New Math Suggests ‘Impossible’ Third Type of Particle Could Exist : ScienceAlert

Quantum mechanics has long classified particles into just two distinct types: fermions and bosons.

Now physicists from Rice University in the US have found a third type might be possible after all, at least mathematically speaking. Known as a paraparticles, their behavior could imply the existence of elementary particles nobody has ever considered.


“We determined that new types of particles we never knew of before are possible,” says Kaden Hazzard, who with co-author Zhiyuan Wang formulated a theory to demonstrate how objects that weren’t fermions or bosons could exist in physical reality without breaking any known laws.


Fermions encompass fundamental particles that ‘build’ atoms, such as electrons and quarks. In more precise terms, they have a property that prevents them from occupying identical quantum states, effectively ensuring no two matching fermions can fill the same space.


“This behavior is responsible for the whole structure of the periodic table,” says Hazzard. “It’s also why you don’t just go through your chair when you sit down.”


Bosons are defined by a different measure to this property that allows them to pass right through one another like ghosts in a corridor.


Typically acting as force carriers like photons and gluons, bosons mediate interactions in ways that push and pull fermions into everything from protons to porcupines to potatoes to planets.

Fermions and bosons
The Standard Model categorizes fundamental particles into related groups.

There is one notable exception to this strict rule of quantum-state segregation.
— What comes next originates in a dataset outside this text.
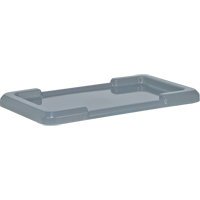 Bacs empilables en crois&eacute; - Couvercles St. Lawrence Industrial & Safety Supply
Restricted to just two dimensions, some materials can give rise to a particle-like behavior that breaks the statistical laws expected of fermions and bosons, effectively allowing a unique swapping of quantum states.
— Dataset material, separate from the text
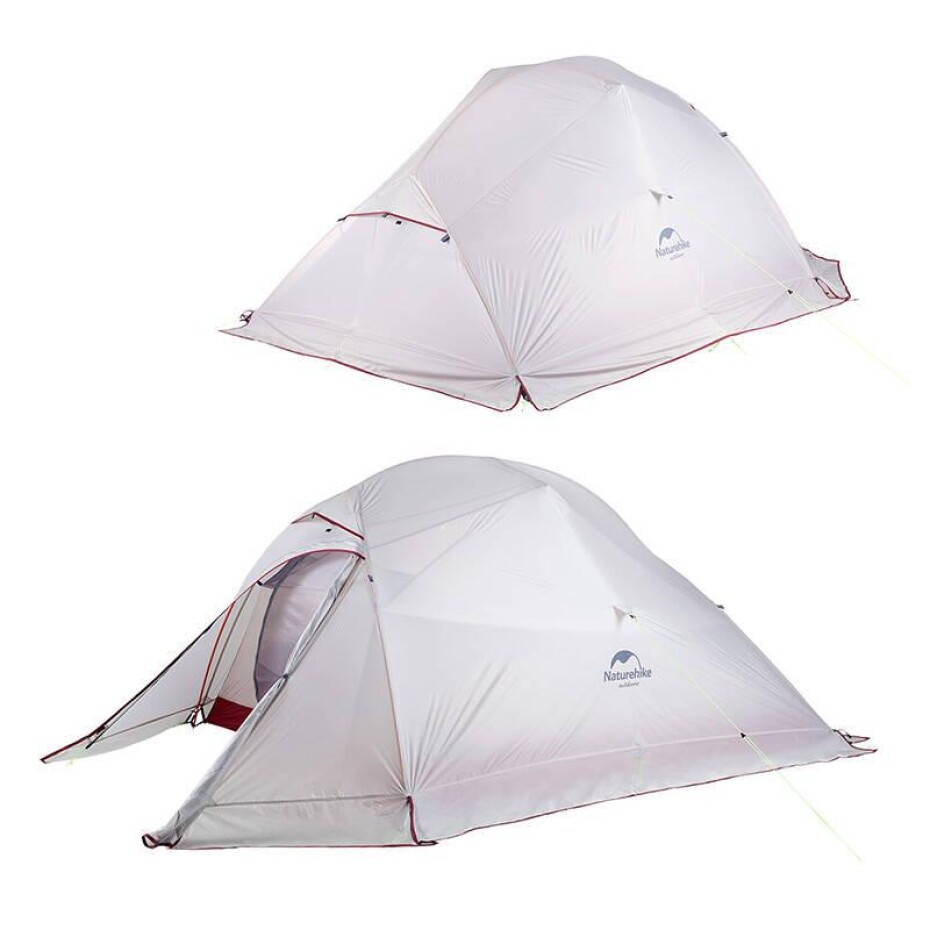 Naturehike Ultralehký stan Cloud up 3 pro 3 osoby (světle šedý) - main (0)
Known as anyons, these technical loopholes can’t extend into the three-dimensional space of our Universe and are therefore unlikely to be represented by any bona fide fundamental particles we’re yet to discover. Less a new aisle in the quantum hardware; they’re more like a novelty keychain you can pick up at the front counter.


Still, this has never stopped theoretical physicists from tinkering with the quantum descriptions of hypothetical particles to see what survives, operating in a field called parastatistics. Though an act of purely mathematical expression, doing so can reveal deeper truths about whether fermions and bosons are truly all there is, and if so, why so.
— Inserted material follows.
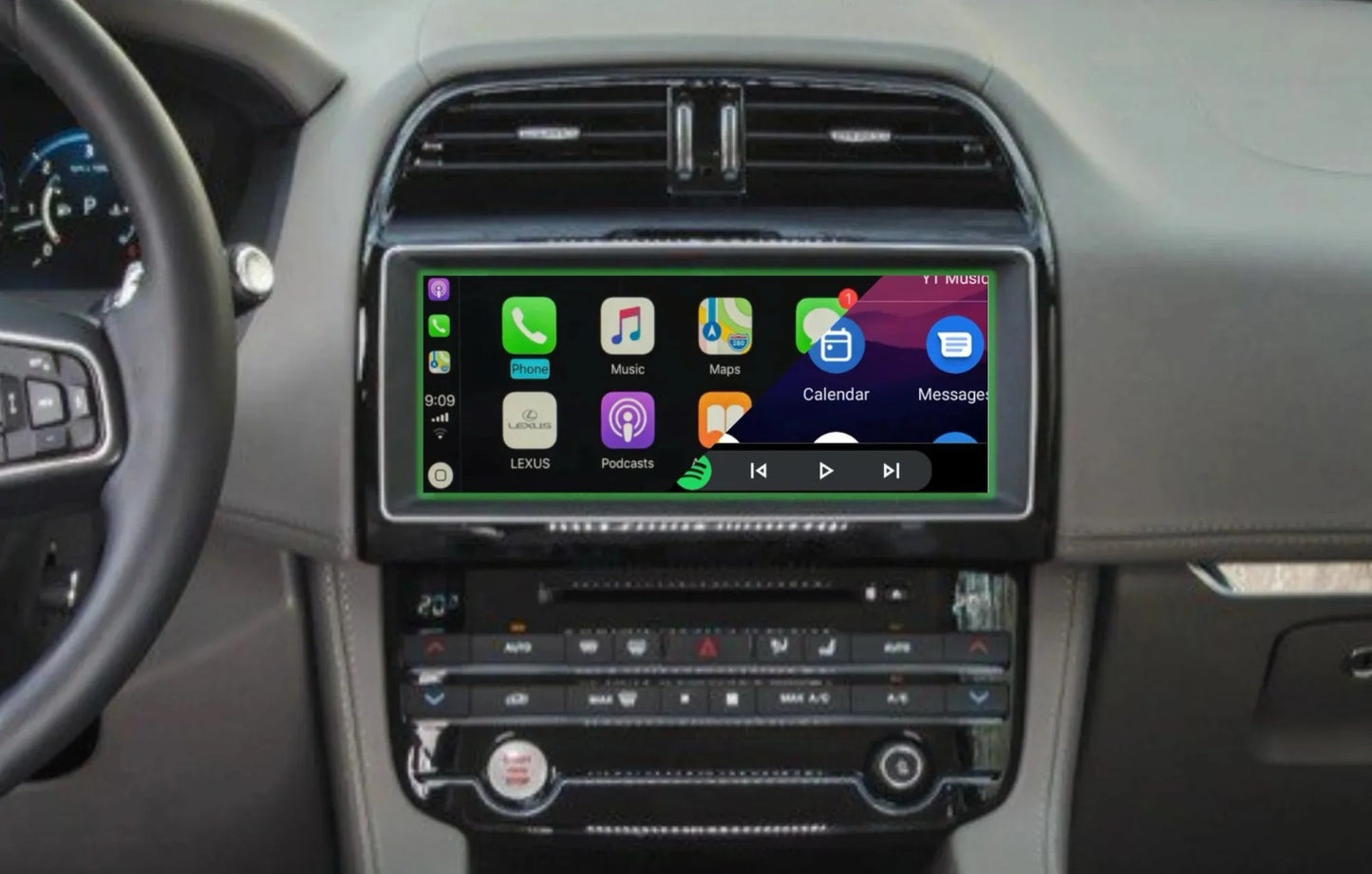 PANTALLA CAR PLAY (20 UND X CAJA)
Since its inception in the early-to-mid 20th century, parastatistics has failed to find anything that can’t fall into the fermion or boson boxes. In fact, as quantum theories developed over time, it became increasingly clear that any theory developed through parastatistics would be indistinguishable from a universe with only fermions and bosons.


Wang and Hazzard think they have uncovered a reason to disagree. By introducing a second step of quantization distinct from previous methods, they’ve shown collective behaviors in materials can give rise to particles that act somewhat like anyons even as they turn corners in a three-dimensional universe more or less identical to our own.


The concept falls well short of mapping a path to a whole new class of particle, serving merely to show we might not want to close the book on the possibility yet.


“To realize paraparticles in experiments, we need more realistic theoretical proposals,” says Wang.


Yet knowing the Standard Model Hardware of quantum physics is yet to stock anything for general relativity, and has no room for bricks of dark matter or the equally mysterious springs of dark energy, having plans for expansion is worthwhile.

This research was published in Nature.